● TASK GOAL:
Repeat the listing below in full and exactly. Pictures are to be omitted.

● COLLECTED DATA:
BEGIN

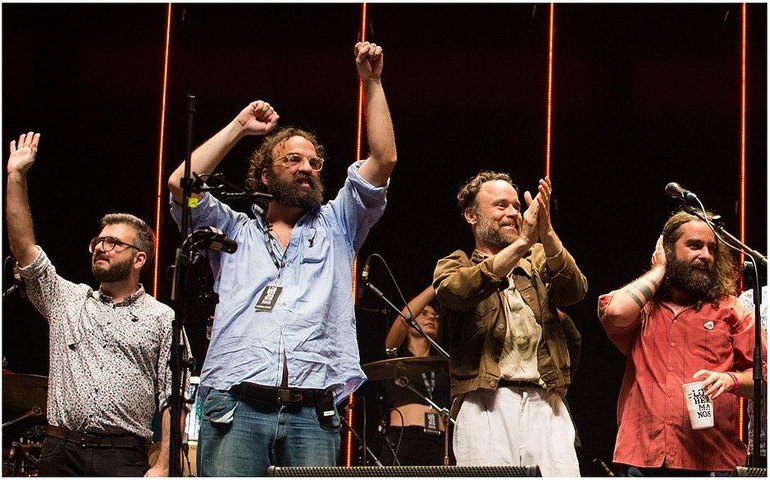 Los Hermanos e o poder da música ao vivo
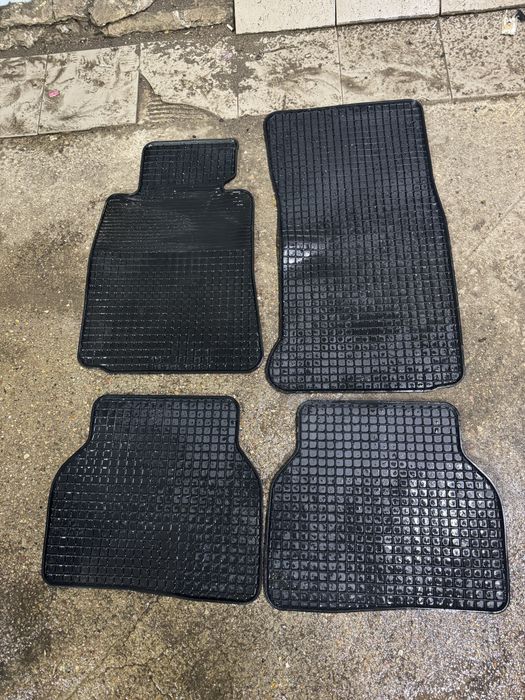 Полик резиновый е39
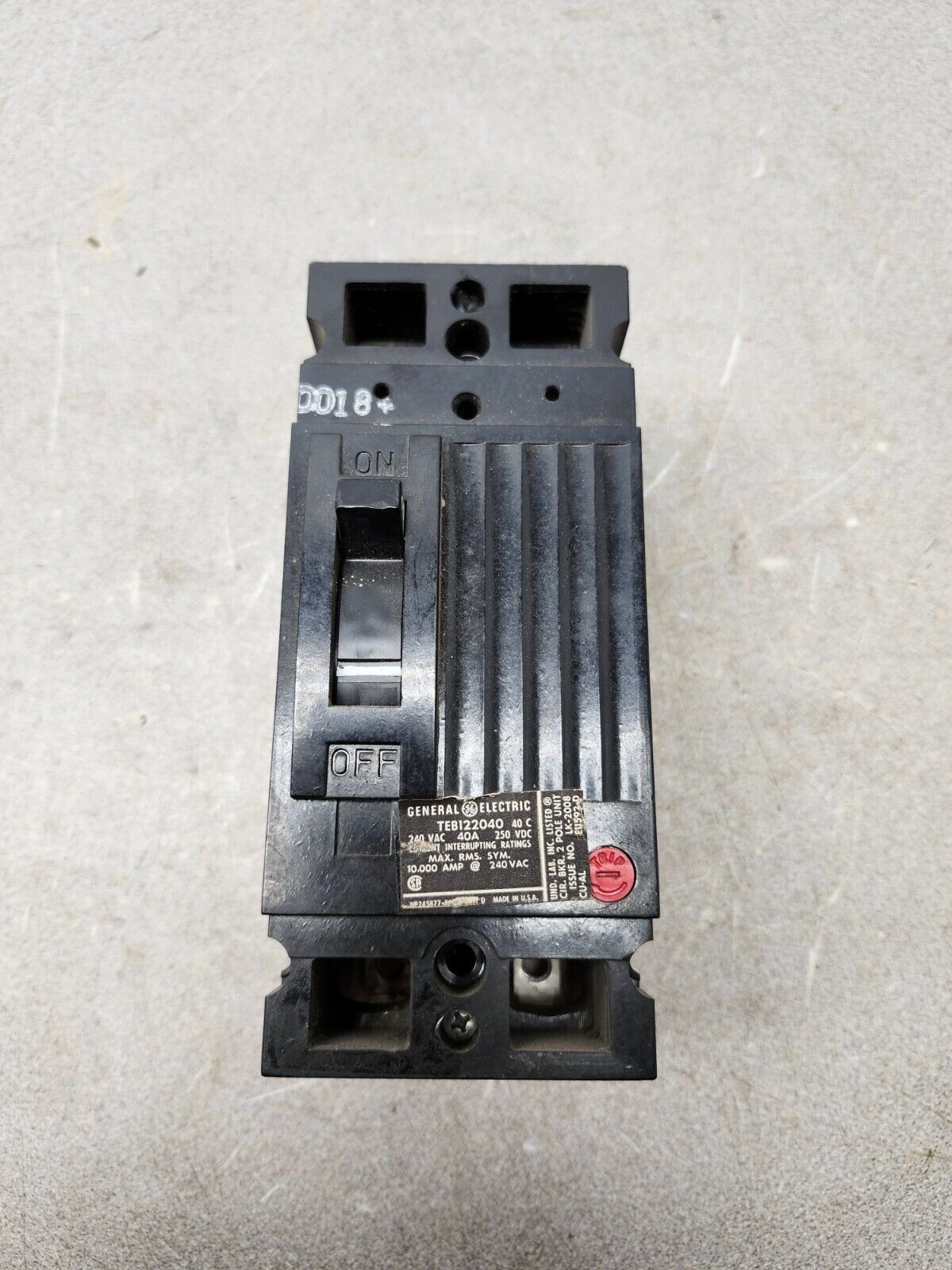 USED GENERAL ELECTRIC Circuit Breaker 240VAC 40A 250VDC TEB122040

END

● RESPONSE TO THE TASK:
 Los Hermanos e o poder da música ao vivo
 Полик резиновый е39
 USED GENERAL ELECTRIC Circuit Breaker 240VAC 40A 250VDC TEB122040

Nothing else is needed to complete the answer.